Maybe pad thai has been Americanized to some degree, but it is an authentic Thai dish. According to David Thompson in Thai Street Food, pad thai came about in Thailand as a result of a nationalist recipe contest in the late 1930s to find a tasty new dish that would encourage Thai people to eat more noodles. The winning dish was named "pat thai" to show Thai pride and to make sure folks knew that it was different from other stir-fried asian noodles.

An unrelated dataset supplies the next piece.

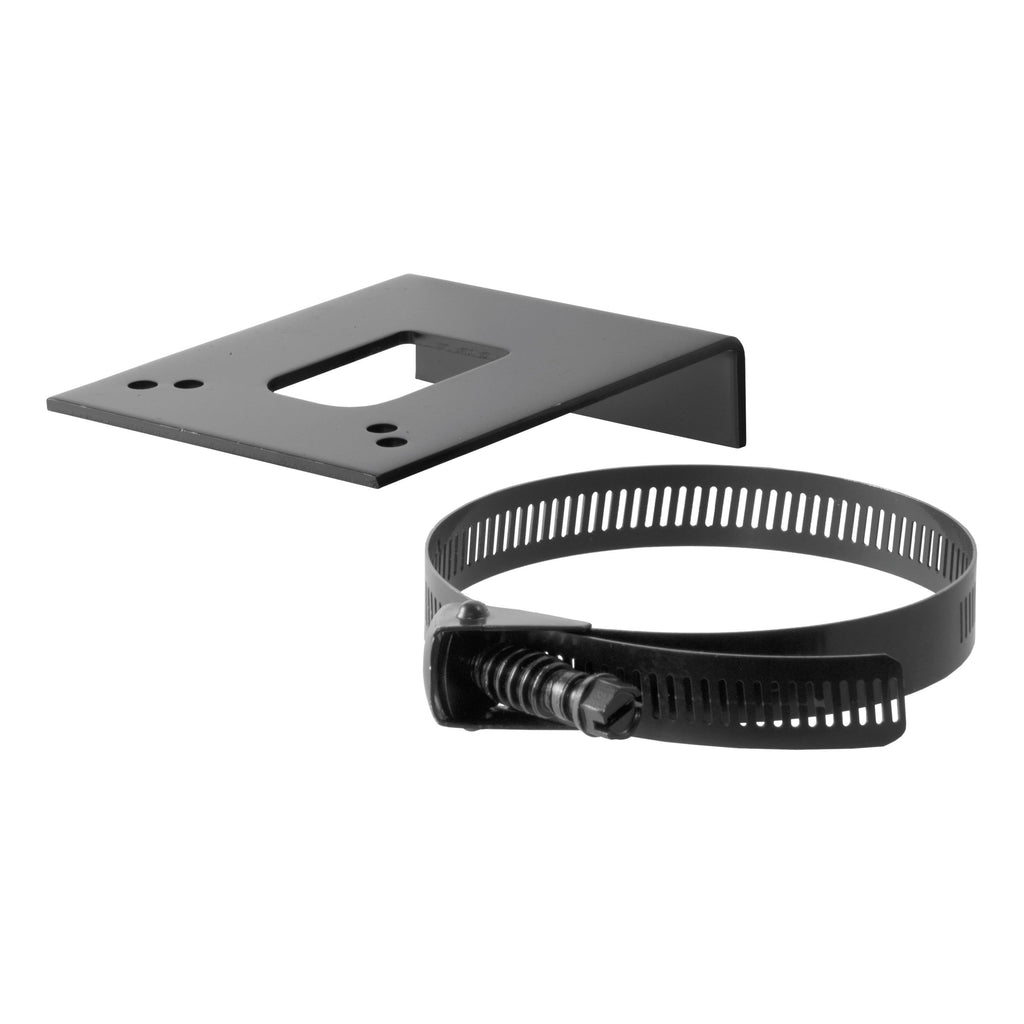 CURT 57203 Connector Bracket Mounts for 4, 5, 6, and 7-Way Brackets (12-Pack)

To add a protein and keep this pad thai dish hearty enough for dinner, I've incorporated chicken. But in keeping with David Thompson's pared down pad thai, I've just about eliminated any other extraneous veggies except for the sprouts. (All the extra vegetables don't really add to the flavor anyway). The focus is on balancing of the strong flavors of tangy tamarind, salty-briny fish sauce (lots of it), and sweet caramelized palm sugar. Some of the sauce goes into the chicken to flavor it before cooking, and the rest gets soaked up into handfuls of delectably chewy rice noodles. The best part about rice stick noodles is that you just have to soak them before stir-frying, which makes them a snap to throw into a stir-fry.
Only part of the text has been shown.